How is there a source of pressure, effecting the independence and objectivity, on Investment Banking Relationships?
Although collaboration between research analysts and investment banking colleagues may benefit the firm and enhance market efficiency (e.g., by allowing firms to assess risks more accurately and make better pricing assumptions), it requires firms to carefully balance the conflicts of interest inherent in the collaboration. Having analysts work with investment bankers is appropriate only when the conflicts are adequately and effectively managed and disclosed. Firm managers have a responsibility to provide an environment in which analysts are neither coerced nor enticed into issuing research that does not reflect their true opinions. Firms should require public disclosure of actual conflicts of interest to investors.
How is there a source of pressure, effecting the independence and objectivity, on Performance Measurement and Attribution?
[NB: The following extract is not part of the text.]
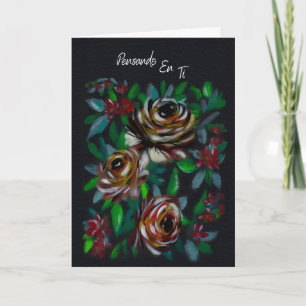 Pensando em Você Cartão de Condolências Floral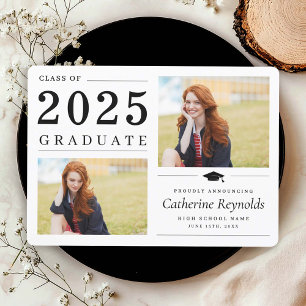 Tarjeta de Invitación de graduación simple de 2 fo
As performance analysts, their analyses may reveal instances where managers may appear to have strayed from their mandate. Additionally, the performance analyst may receive requests to alter the construction of composite indices owing to negative results for a selected account or fund. The member or candidate must not allow internal or external influences to affect their independence and objectivity as they faithfully complete their performance calculation and analysis-related responsibilities.